It has been reported that quantification precision and accuracy decreased for isobaric tag-labeled precursors if reporter ion signals are low due to low HCD fragmentation energy; however, over-fragmentation issues due to high HCD fragmentation energy can result in less confident identification.23 Therefore, a fine tuning of the collision energy for MS2 fragmentation is required for a balance between confident identification and highly sensitive and accurate quantification. Some groups have studied the influence of fragmentation energy on the reporter ion intensity for isobaric tag-labeled peptides, achieving a compromise between peptide identification and quantification.23–28 A normalized collision energy (NCE) of 40–45% is used in many laboratories for routine analysis of TMT-labeled peptides.26,29–31 There have also been reports for evaluation of MS2 fragmentation on isobaric tag-labeled intact protein using solutions of standard protein. Chien-Wen et al. evaluated reporter ion intensities from intact TMT-labeled myoglobin using different HCD energies and found that reporter ion signals increased as NCE increased and reached a maximum at 30% NCE using a LTQ-Orbitrap Velos mass spectrometer.16 Konrad and coworkers recently applied a combined fragmentation scheme for iodoTMTzero-labeled lysozyme (e.g., cysteine labeling) using an Orbitrap Fusion Lumos Tribrid mass spectrometer. This study found that different fragmentation energies were required for efficient backbone fragmentation and cleavage of reporter ions.19 Thus, they utilized a sequential scan approach with 80% HCD used for reporter ion quantification and electron-transfer dissociation (ETD) fragmentation or collision induced dissociation (CID) for intact protein fragmentation. To date, no systematic evaluation of HCD fragmentation energy on TMT-labeled intact proteins in complex sample such as cell lysate has been reported.

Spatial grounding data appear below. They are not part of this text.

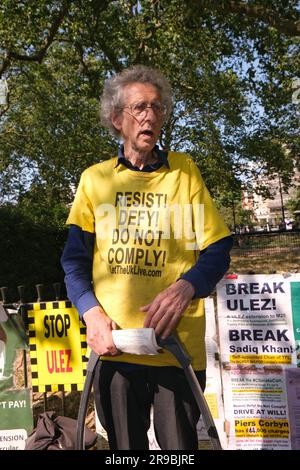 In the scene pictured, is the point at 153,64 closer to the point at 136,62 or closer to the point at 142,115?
the point at 136,62

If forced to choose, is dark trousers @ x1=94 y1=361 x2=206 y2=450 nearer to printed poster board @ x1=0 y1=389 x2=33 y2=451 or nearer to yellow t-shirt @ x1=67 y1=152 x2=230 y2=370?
yellow t-shirt @ x1=67 y1=152 x2=230 y2=370

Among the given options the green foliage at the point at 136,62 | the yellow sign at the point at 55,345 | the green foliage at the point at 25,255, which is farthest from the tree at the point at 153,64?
the yellow sign at the point at 55,345

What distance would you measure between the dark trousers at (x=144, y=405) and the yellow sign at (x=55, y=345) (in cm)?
156

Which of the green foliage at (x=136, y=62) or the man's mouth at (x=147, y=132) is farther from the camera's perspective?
the green foliage at (x=136, y=62)

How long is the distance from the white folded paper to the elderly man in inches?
3.8

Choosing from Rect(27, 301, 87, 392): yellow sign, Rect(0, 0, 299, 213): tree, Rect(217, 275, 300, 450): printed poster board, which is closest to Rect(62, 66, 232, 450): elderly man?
Rect(217, 275, 300, 450): printed poster board

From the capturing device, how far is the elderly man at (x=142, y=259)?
5.80ft

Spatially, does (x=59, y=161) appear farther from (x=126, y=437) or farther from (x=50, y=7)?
(x=126, y=437)

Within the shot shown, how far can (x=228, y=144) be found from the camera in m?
21.4

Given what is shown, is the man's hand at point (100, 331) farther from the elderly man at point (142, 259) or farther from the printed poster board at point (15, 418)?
the printed poster board at point (15, 418)

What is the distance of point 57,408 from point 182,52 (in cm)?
1371

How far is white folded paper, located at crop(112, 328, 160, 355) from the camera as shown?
1599 millimetres

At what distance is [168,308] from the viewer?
1649 mm

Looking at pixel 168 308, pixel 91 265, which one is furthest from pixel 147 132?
pixel 168 308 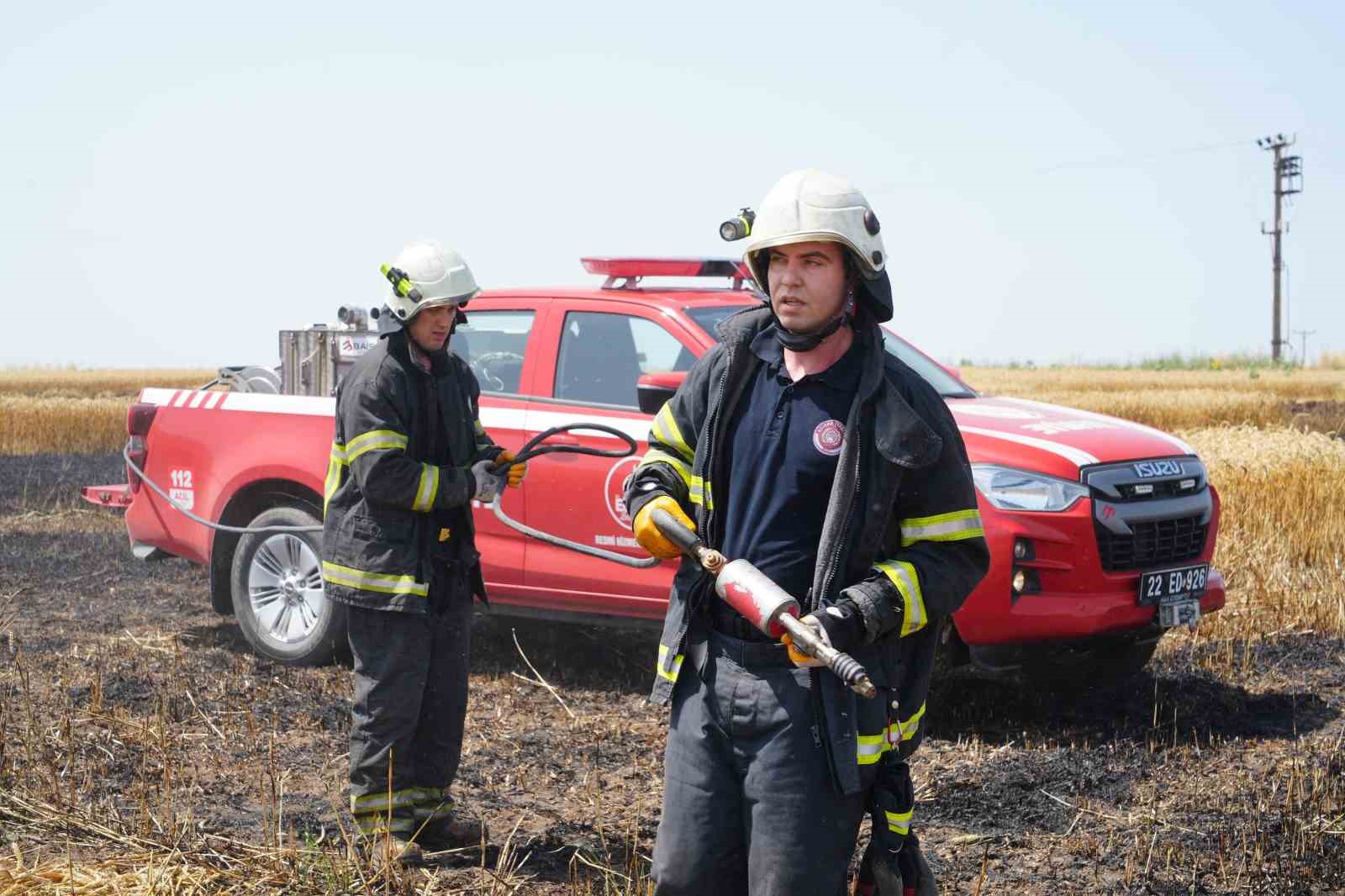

In this study, we systematically evaluated the effect of HCD normalized energy on fragmentation efficiency and reporter ion intensities of TMTzero-labeled HeLa cell lysate using an Orbitrap Exploris 240 mass spectrometer. Our results indicated that reporter ion intensities increased with increasing NCE, which provided improved quantification sensitivity and accuracy; however, high NCE (e.g., 50% or higher) often introduced over-fragmentation of intact proteoforms, resulting in poor identification confidence. Based on these observations, we proposed a stepped HCD strategy with three normalized HCD energies from 30 to 50%. With the optimized HCD strategy, we confidently identified >1000 PrSMs with an average reporter ion intensity of ~4E4 in TMT-labeled intact proteins from HeLa cell lysate with a single LC-MS/MS run.
EXPERIMENTAL
Chemicals and materials.
Tris (2-carboxyethyl) phosphine hydrochloride (TCEP), Pierce™ BCA Protein Assay Kit, molecular weight cutoff filters (10K and 100K MWCO), and TMT isobaric label reagents (both TMTzero and TMT10plex) were obtained from Thermo Fisher (Waltham, MA, USA). LC-MS grade acetonitrile (ACN), isopropanol (IPA), trifluoroacetic acid (TFA), water used for LC mobile phases, and other chemicals were purchased from Sigma-Aldrich (St. Louis, MO, USA) unless noted otherwise.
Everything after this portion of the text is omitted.